Pressing Colle e partiti, ma Draghi irremovibile: “Lascio”

Il Presidente del Consiglio, Mario Draghi, durante la conferenza stampa con il Ministro dell'Economia e delle Finanze, Daniele Franco, il Ministro dello Sviluppo Economico, Giancarlo Giorgetti, e il Ministro della Transizione Ecologica, Roberto Cingolani.
Il Presidente del Consiglio, Mario Draghi. (ANSA)

ROMA. – L’agibilità politica non c’era più. E restare significava solo farsi strattonare e logorare dai partiti. Senza più riuscire a “fare” le cose di cui ha bisogno il Paese. Nonostante il pressing del Colle, della politica, e il sostegno delle cancellerie, europee e non solo, Mario Draghi resta irremovibile: mercoledì sarà il giorno del suo congedo dal Parlamento, quello che sancirà, definitivamente, la conclusione dell’esperienza delle larghissime intese.

Certo, il premier resterà al suo posto per gli affari correnti. E proseguirà nel percorso di confronto con le parti sociali per mettere a punto il promesso “corposo” decreto anti-crisi, per tamponare ancora i rincari di bollette e benzina, e per attenuare gli effetti dell’inflazione su famiglie e imprese. Ma la manovra, almeno questo è l’orientamento attuale, spetterà al nuovo governo.

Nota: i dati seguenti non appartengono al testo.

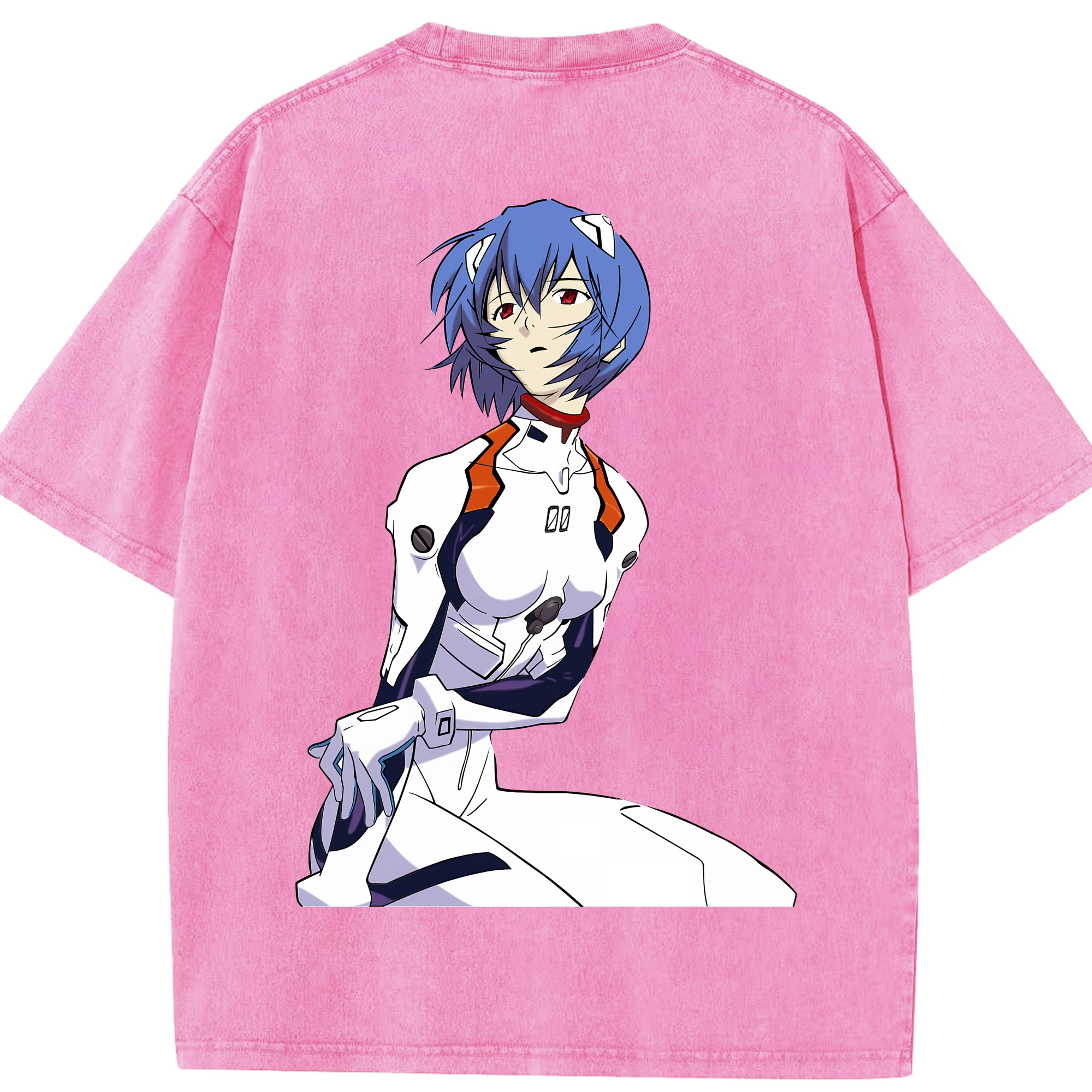（画像用） EVA 新世紀エヴァンゲリオン 綿100% ヴィンテージ風 半袖Tシャツ（背面プリント）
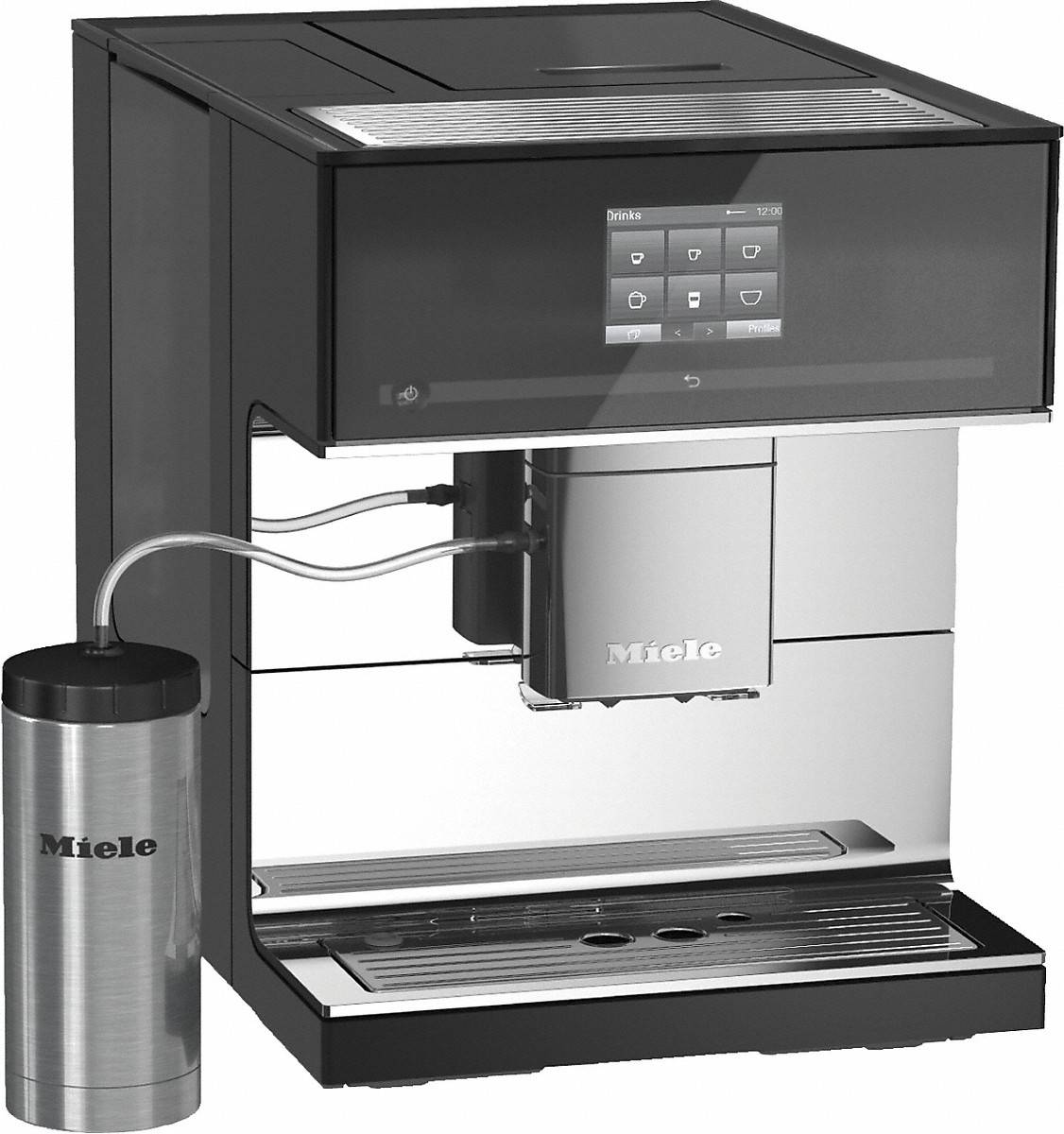 Miele  美诺  家用独立式咖啡机 CM 7500 自动除垢 一键双杯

Per tutto il giorno a Palazzo Chigi non si vede quasi nessuno. Il premier resta a Roma ma per andare, così come Sergio Mattarella, a rendere omaggio all’amico Eugenio Scalfari alla camera ardente in Campidoglio. Qualche sorriso, un saluto ai fotografi ma nemmeno una parola. Certo il telefono sarà squillato di continuo, ma non arrivano conferme di contatti che pure ci sarebbero stati, non solo con le forze politiche ma anche con interlocutori internazionali.

Gli appelli a rimanere al suo posto, così come gli attestati di stima che arrivano da Berlino a Washington, non spostano però l’ex banchiere dalla sua decisione. Lunedì volerà ad Algeri con una pattuglia di ministri, per chiudere una serie di accordi con gli algerini non solo in materia di gas. Una missione inizialmente prevista in due giorni che viene invece concentrata in un giorno solo, alimentando le ipotesi di un anticipo delle sue comunicazioni che invece dovrebbero rimanere fissate a mercoledì.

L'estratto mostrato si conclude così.